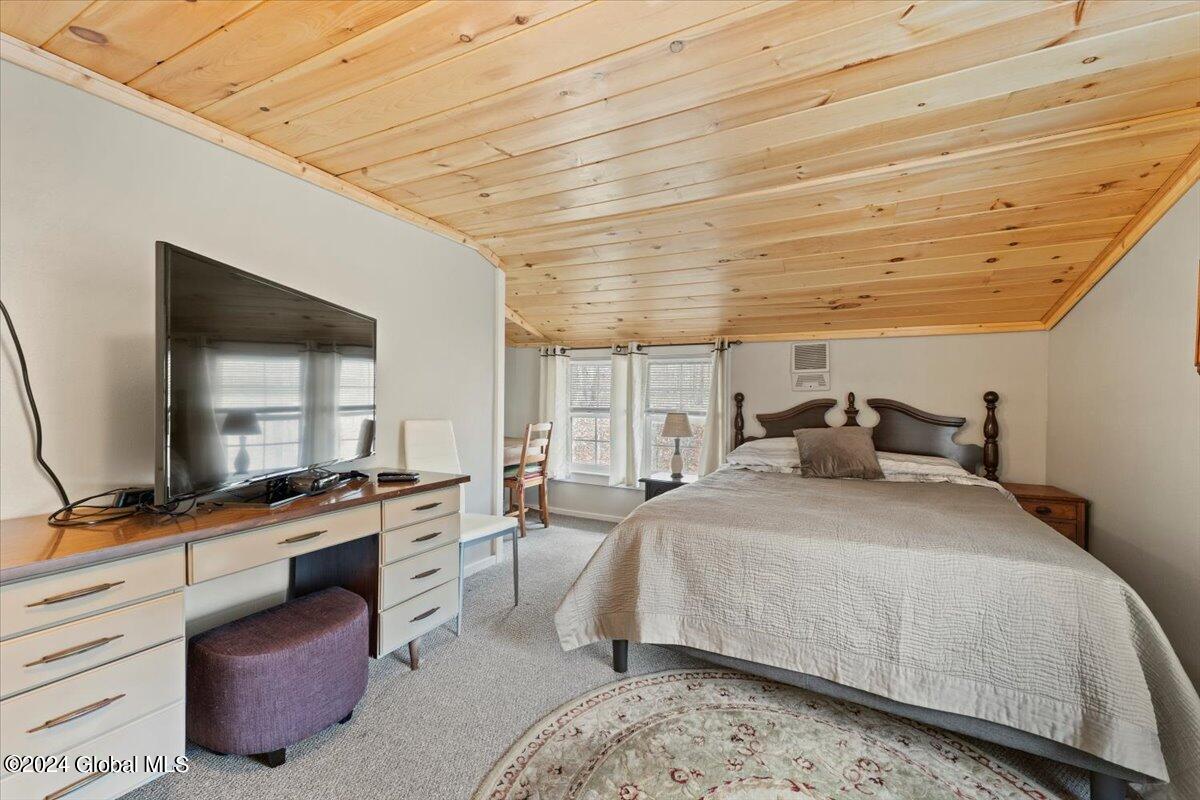398 Potter Hill Road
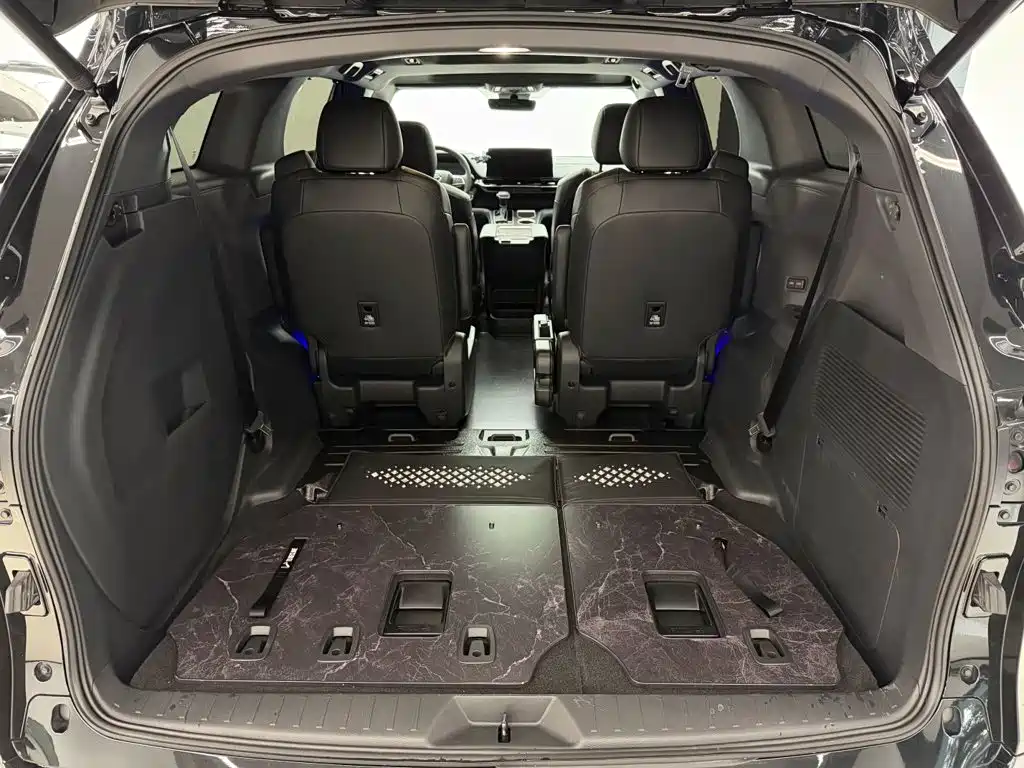 Toyota Granvia — миниатюра 2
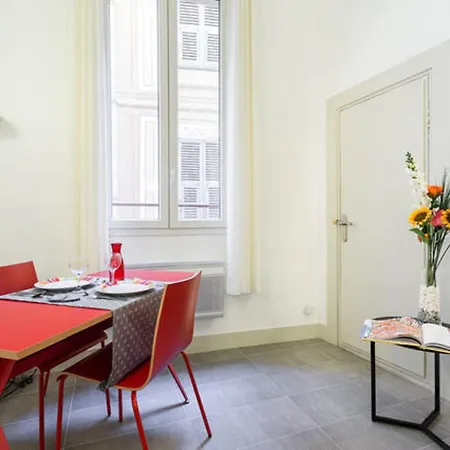 Apartment Le Droite Charmant F2 Au Coeur Du Vieux Old Town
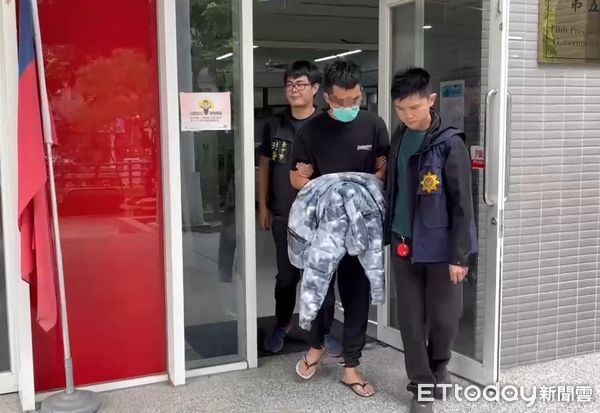 ▲警方逮捕假冒投資名人胡立陽的黑幫詐團。（圖／記者張君豪翻攝）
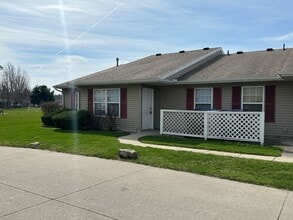 Building Photo - 212 S Silverwood Ln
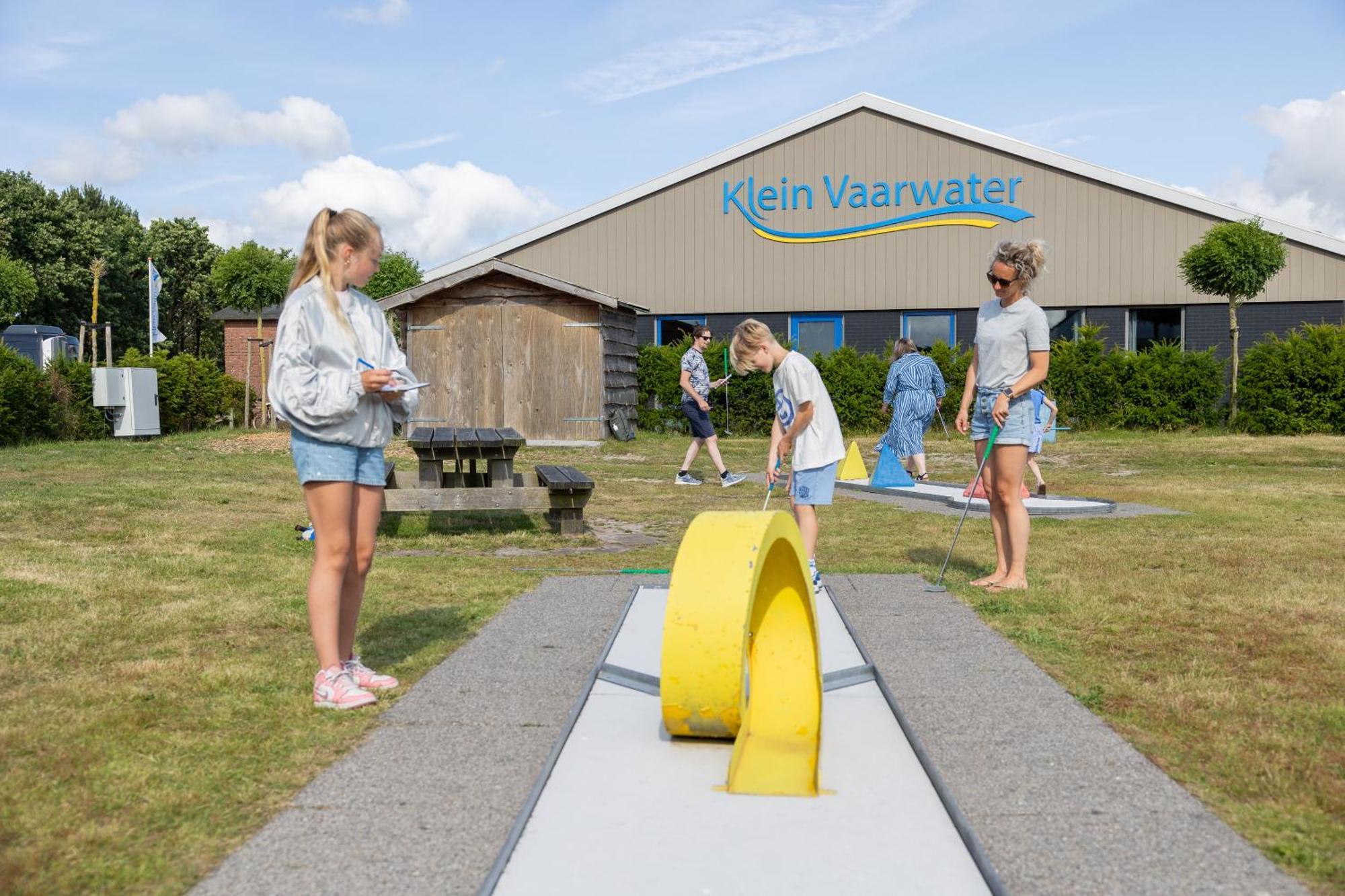 Vakantiepark Klein Vaarwater Buren  Bagian luar foto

+===+

§ Goal of the exercise:
In your copy of the listing above, reproduce each line exactly and omit all pictures.

§ Answer box:
398 Potter Hill Road
 Toyota Granvia — миниатюра 2
 Apartment Le Droite Charmant F2 Au Coeur Du Vieux Old Town
 ▲警方逮捕假冒投資名人胡立陽的黑幫詐團。（圖／記者張君豪翻攝）
 Building Photo - 212 S Silverwood Ln
 Vakantiepark Klein Vaarwater Buren  Bagian luar foto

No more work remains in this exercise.